*** Opening of Available data ***
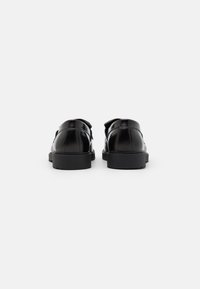 Selected Homme SLHTIM LEATHER KILTIE LOAFER - Mokasīni - black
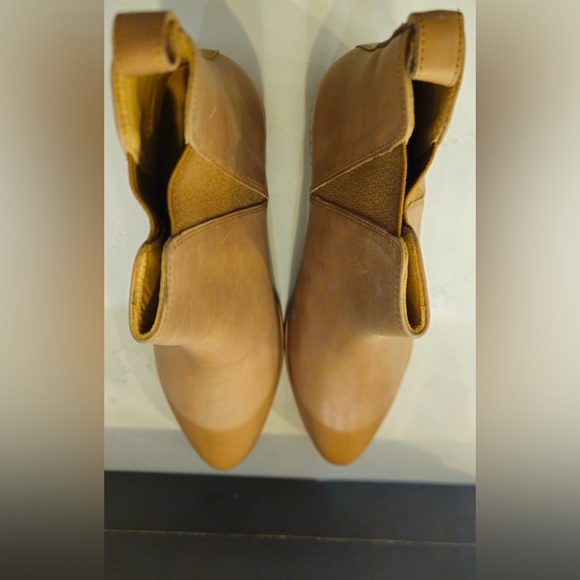 Nisolo Almond Eva Everyday Chelsea Leather Boots - Picture 6 of 16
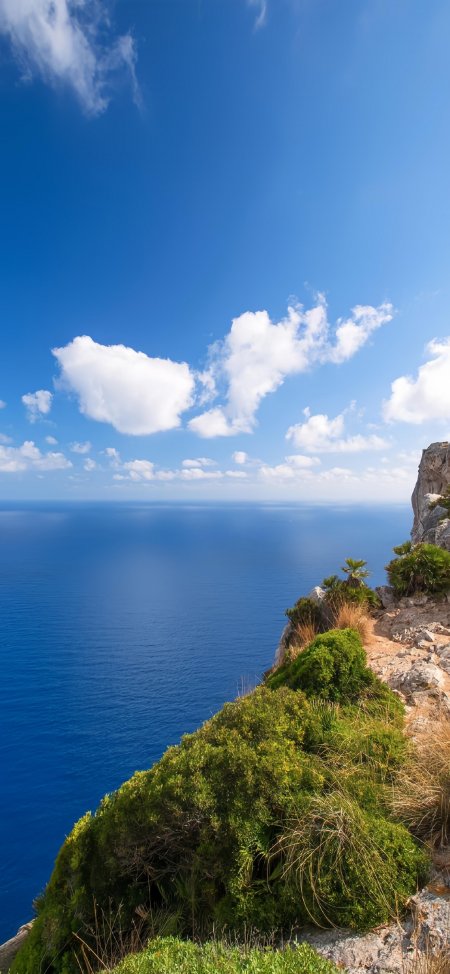 西班牙马略卡岛悬崖海岸蓝天白云风景摄影手机壁纸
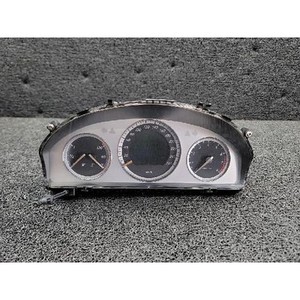 ชุดหน้าปัดเรือนไมล์มือสองสำหรับรถยนต์ C-class รุ่น A2045403748 - Product Image 1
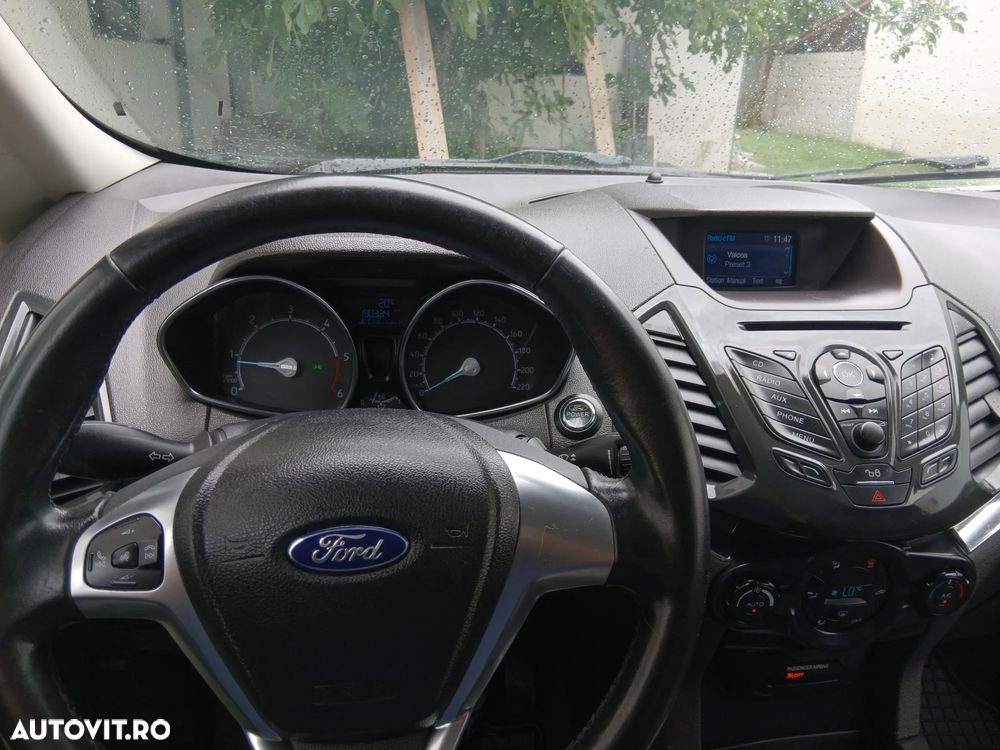 Ford EcoSport 1.5 TDCi Titanium - 10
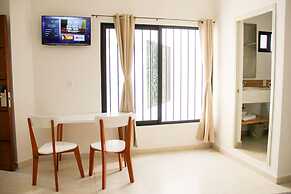 Acacia Hotel
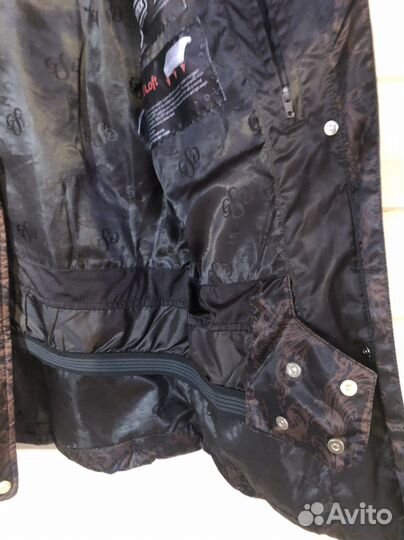 Горнолыжная куртка 44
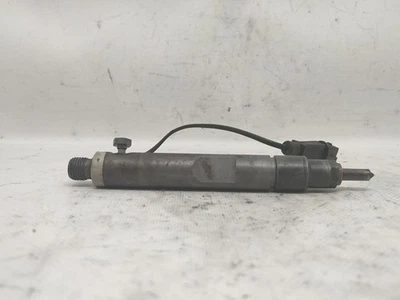 028130203F INJECTEUR / 2435585 POUR SKODA FABIA I SEDAN 6Y3 1.9 SDI - Photo 1/4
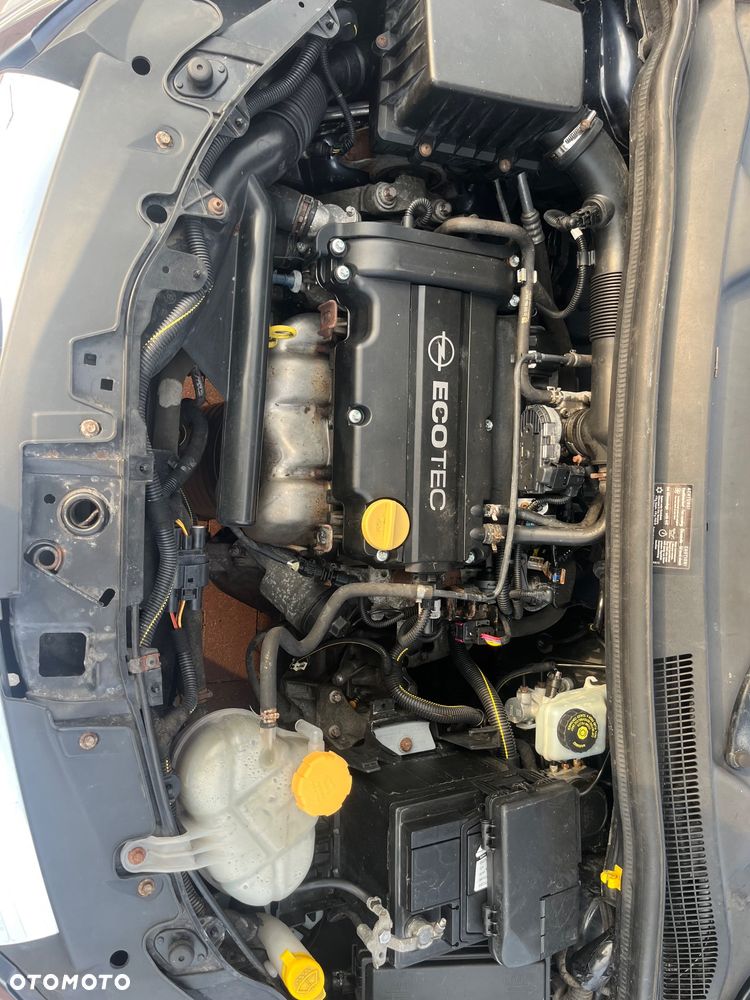 Opel Corsa 1.2 16V Cosmo - 15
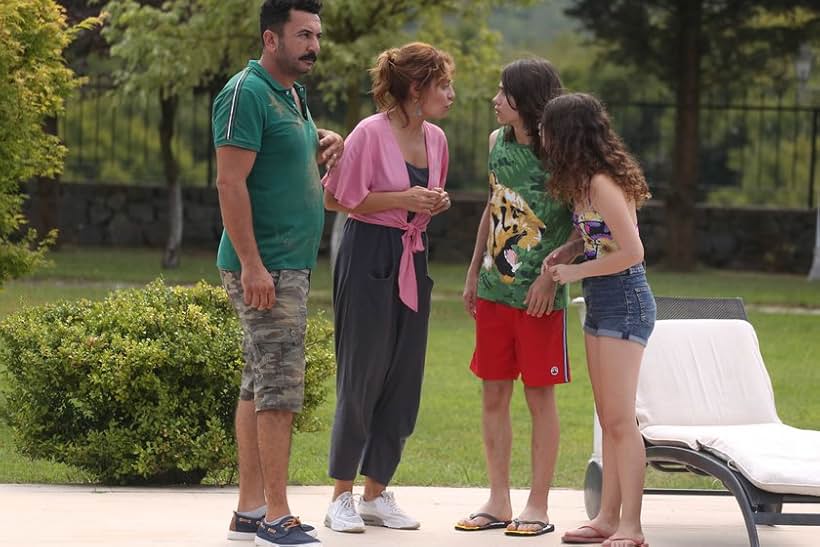 Didem Balçin, Toygan Avanoglu, Arda Görgen, and Deniz Kaynak in Meleklerin Aski (2018)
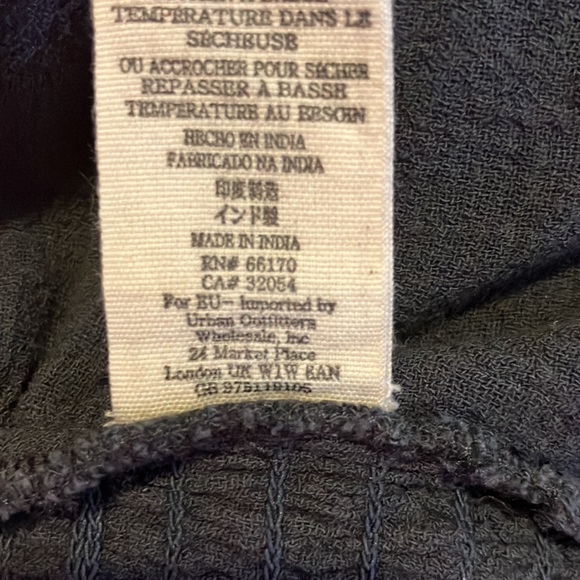 Free People x Jen’s Pirates Booty Shivet Toy Machine Top NWT Size XL Black - Picture 8 of 8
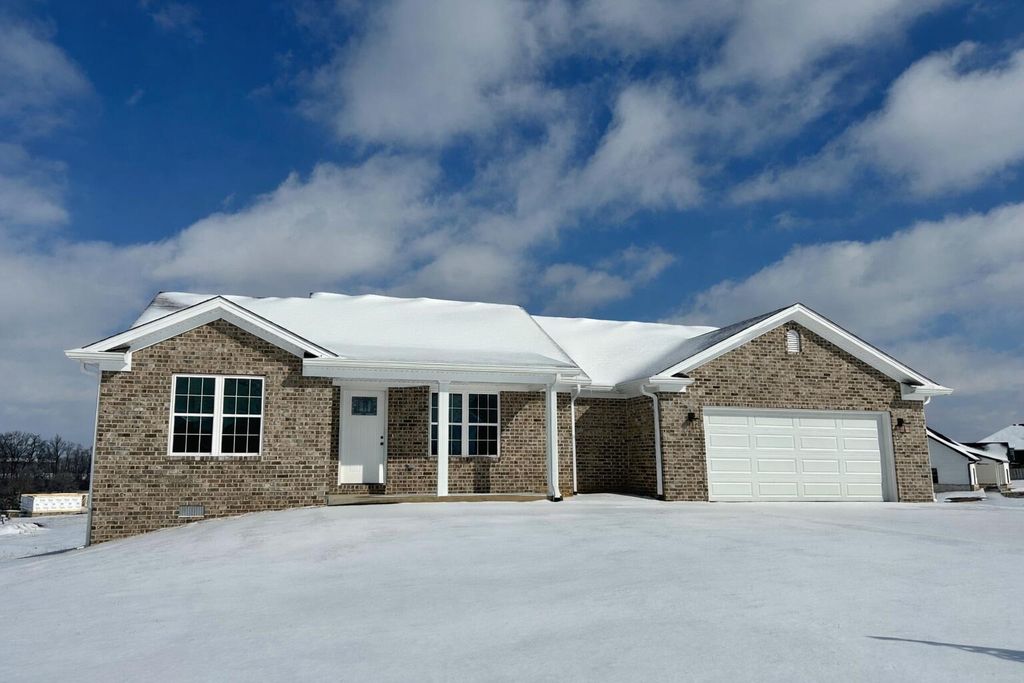 213 Max Cavnes Road, Danville, KY 40422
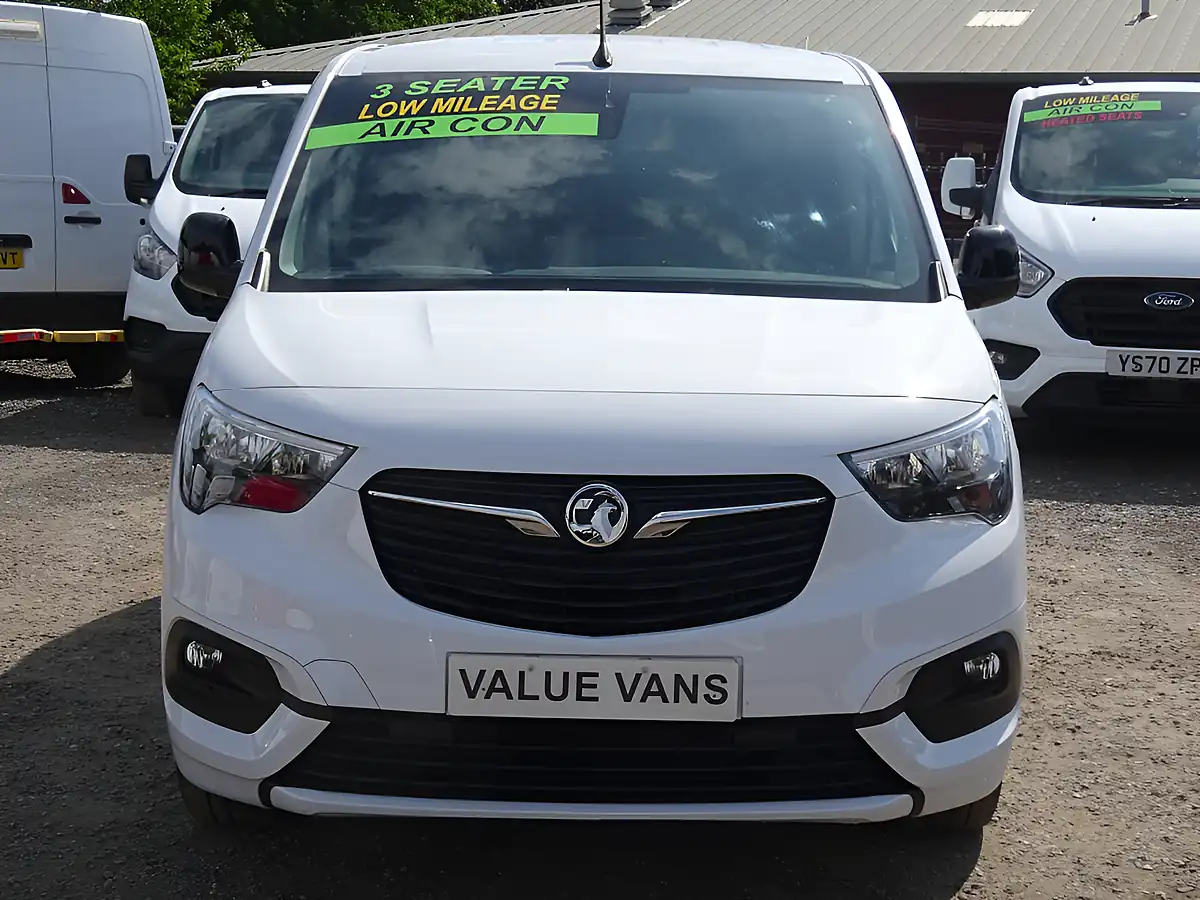 Used 2023 Vauxhall Combo Cargo Pro L1 H1 (swb) White - Interior and Exterior details 3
*** Close of Available data ***
Task prompt:
Transcribe only these lines, exactly: the first line of the listing, every line after it, and the line with "Didem Balçin, Toygan", where the copy ends. Include no picture.

Solution for this problem:
 Selected Homme SLHTIM LEATHER KILTIE LOAFER - Mokasīni - black
 Nisolo Almond Eva Everyday Chelsea Leather Boots - Picture 6 of 16
 西班牙马略卡岛悬崖海岸蓝天白云风景摄影手机壁纸
 ชุดหน้าปัดเรือนไมล์มือสองสำหรับรถยนต์ C-class รุ่น A2045403748 - Product Image 1
 Ford EcoSport 1.5 TDCi Titanium - 10
 Acacia Hotel
 Горнолыжная куртка 44
 028130203F INJECTEUR / 2435585 POUR SKODA FABIA I SEDAN 6Y3 1.9 SDI - Photo 1/4
 Opel Corsa 1.2 16V Cosmo - 15
 Didem Balçin, Toygan Avanoglu, Arda Görgen, and Deniz Kaynak in Meleklerin Aski (2018)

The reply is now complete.